Code in one compilation unit wants to call code in another... this requires a global relocation. A common example is a loader loading an ELF file, which mostly happens every time a new program is run, and requires the relocation information to be stored to disk (in e.g. the ELF file). JIT systems will neeed to do this as well across different compilations, although the relocation information can stay in memory.
Since the relocations can be written to disk, the disk format, loader and "code
shape" all have to agree. Suppose we want to call from one compilation unit to
another - e.g. the program is calling malloc from libc. The caller is a
Simple using a machine-specific version of generic CallNode with the target
being C-compiled code. During loading, the placement of the call and libc
is determined by the loader; the two different blocks of code are written into
memory in some order (generally with lots of other blocks of code). Now we
need to patch the call's target to be malloc in the libc block of code.
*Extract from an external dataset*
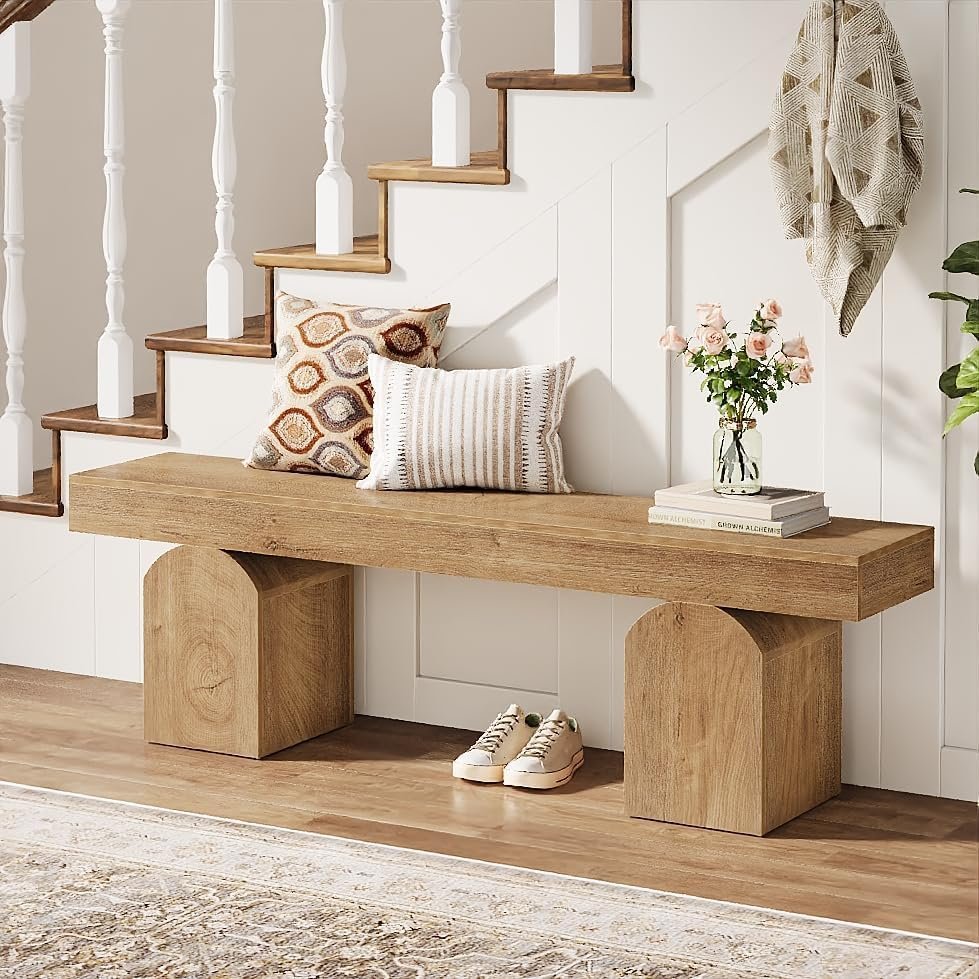 59" Entryway Bench, Long Shoe Bench with Arched Bases for Entry Way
For an X86 external call, the encoding is a 5-byte instruction, one byte of
opcode and 4 bytes of PC-relative target address. The needed patch is the
delta between the X86-specific call instruction end and the start of
malloc, and is written directly on the last 4 bytes of the call. The
encoding type in the ELF file has to describe this.
For a RISCV external call, the encoding is 2 4-byte instructions each carrying
some of the bits. The LUI loads the target upper 20 bits, and then the
JALR adds in the lower 12 bits (32-bit absolute target range). The LUI
might be replaced with a AUIPC to get a 32-bit pc-relative range. Patching
here updates 20bits in one instruction and 12bits in another. Again the ELF
file encoding type has to describe this; using a X86-style patch here will just
crush the wrong bits and make a broken program.
Large constants are those which cannot be easily directly loaded into a register, and instead are loaded from memory. For security reasons they are often kept in a seperate address space with e.g. read-only permissions instead of execute permissions. This means their final address, relative to the code, varies according to placement - same as for calls crossing compilation units.
Also large constants can be shared across compilation units (one can imagine
repeated uses of pi in HPC codes); sharing reduces cache footprint. In any
case, once the locations of the code and constants are known, the code needs to
be patched to load at the correct offset. Like the call example above, the
load instruction variant and patch variant all need to agree. An X86 might use
either a 4-byte address or an 8-byte address depending on X86 variant; the
RISCV probably uses some variant of an LUI and a Load, with the immediate
split into 20/12 bits. Also the RISCV probably wants to "share" the constant
pool 20 bits in the same LUI, but have different loads for different
constants coming out of the same pool. ARM will have yet another variant.